OK, here's what I have:
L1=[[1,2,3],[4,5,6],[7,8,9],[10,11,12]]
L2=[1,2,3,4,11]
L3=[]
u=0
s=0
while s<=len(L2):
if L2[s] == L1[0][0]:
L1.pop(0)
if L2[s] == L1[0][1]:
L1.pop(0)
if L2[s] == L1[0][2]:
L1.pop(0)
else:
listy=L2[s+1]
while u<=JDAWGlen:
if listy == L1[0]:
L1.pop(u)
if listy == L1[1]:
L1.pop(u)
if listy == L1[2]:
L1.pop(u)
else: break
u+=1
s+=1

But this is where I freeze.
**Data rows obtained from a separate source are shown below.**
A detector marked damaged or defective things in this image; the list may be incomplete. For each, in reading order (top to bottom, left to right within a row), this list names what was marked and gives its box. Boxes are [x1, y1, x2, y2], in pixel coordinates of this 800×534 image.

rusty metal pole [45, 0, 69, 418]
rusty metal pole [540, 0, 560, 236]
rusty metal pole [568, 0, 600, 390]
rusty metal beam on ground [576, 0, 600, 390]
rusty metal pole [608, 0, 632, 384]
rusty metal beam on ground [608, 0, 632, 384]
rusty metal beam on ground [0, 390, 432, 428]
How can I get the "popped" lists into a list L3? L3 should be L3=[[1,2,3],[4,5,6],[10,11,12]]

Maybe there is a much faster and better way to go about this- maybe by using a "for" loop. Or maybe there is a much much better way with a dictionary, but I have no idea how to use it for this. so step by step instructions would be helpful.

All 8 Replies

Using for() loops is easier. This is somewhat of a brute force method but works fine for smaller lists.
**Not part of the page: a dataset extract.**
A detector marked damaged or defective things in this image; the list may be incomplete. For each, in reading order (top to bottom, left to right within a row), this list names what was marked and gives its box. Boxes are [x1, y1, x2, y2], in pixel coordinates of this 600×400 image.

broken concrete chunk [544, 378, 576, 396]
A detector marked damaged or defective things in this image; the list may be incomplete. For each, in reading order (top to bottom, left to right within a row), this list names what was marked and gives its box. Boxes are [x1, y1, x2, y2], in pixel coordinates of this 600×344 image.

``````L1=[[1,2,3],[4,5,6],[7,8,9],[10,11,12]]
L2=[1,2,3,4,11]
L3=[]

for number in L2:
for a_list in L1:
if (number in a_list) and (a_list not in L3):
L3.append(a_list)
print L3
##
##   You can also delete from the list of lists as you add it
##   to L3 so you don't search through it again, but deleting
##   can cause problems in some cases
print "-" * 50
L1=[[1,2,3],[4,5,6],[7,8,9],[10,11,12]]
L1_copy = L1[:]
L2=[1,2,3,4,11]
L3=[]
for number in L2:
for a_list in L1:
if (number in a_list) and (a_list not in L3):
L3.append(a_list)
L1.remove(a_list)
print "-----> L1 =", L1
print L3``````
commented: Nice one. Beat me to it, and more cleverly too! +1

Here's how I would approach this:

(1) for each entry in L2 find all the matching sub-lists from L1. You can use a list comprehension or a for loop for this.
(2) Add all the sub-lists that matched into a single list
(3) Reduce the list containing all the sub-lists to just the unique entries.
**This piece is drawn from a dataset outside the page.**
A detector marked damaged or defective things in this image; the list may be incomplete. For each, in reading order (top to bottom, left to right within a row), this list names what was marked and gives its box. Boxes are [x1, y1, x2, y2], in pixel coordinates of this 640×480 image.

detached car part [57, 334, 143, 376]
To get you started here's the code for the first step using a for loop:

``````L1 = [[1,2,3],[4,5,6],[7,8,9],[10,11,12]]
L2 = [1,2,3,4,11]

for item in L2:
# entry will contain all the sub lists from L1 that contain the item
entry = []
for sub_list in L1:
if item in sub_list:
entry.append(sub_list)``````

One of the solutions is pretty straight forward, with easy logic:

``````list1 = [[1,2,3],[4,5,6],[7,8,9],[10,11,12]]
list2 = [1,2,3,4,11]

list3 = []
# q1 is each sublist in list1
for q1 in list1:
# q2 is each item in list2
for q2 in list2:
# do not append if sublist is already in list3
if q2 in q1 and q1 not in list3:
list3.append(q1)

print(list3)

"""my output -->
[[1, 2, 3], [4, 5, 6], [10, 11, 12]]
"""``````

There may be better solutions.

``````>>> L1
[[1, 2, 3], [4, 5, 6], [7, 8, 9], [10, 11, 12]]
>>> L2
[1, 2, 3, 4, 11]
>>> L3 = []
>>> for x in L1:
for y in L2:
if y in x and x not in L3:
L3.append(x)

>>> L3
[[1, 2, 3], [4, 5, 6], [10, 11, 12]]``````

Is anyone else besides me thinking Python sets might be a good tool to use to solve this?

Edit: Actually this probably won't work. According to Python documentation on sets, sets are containers for unique objects.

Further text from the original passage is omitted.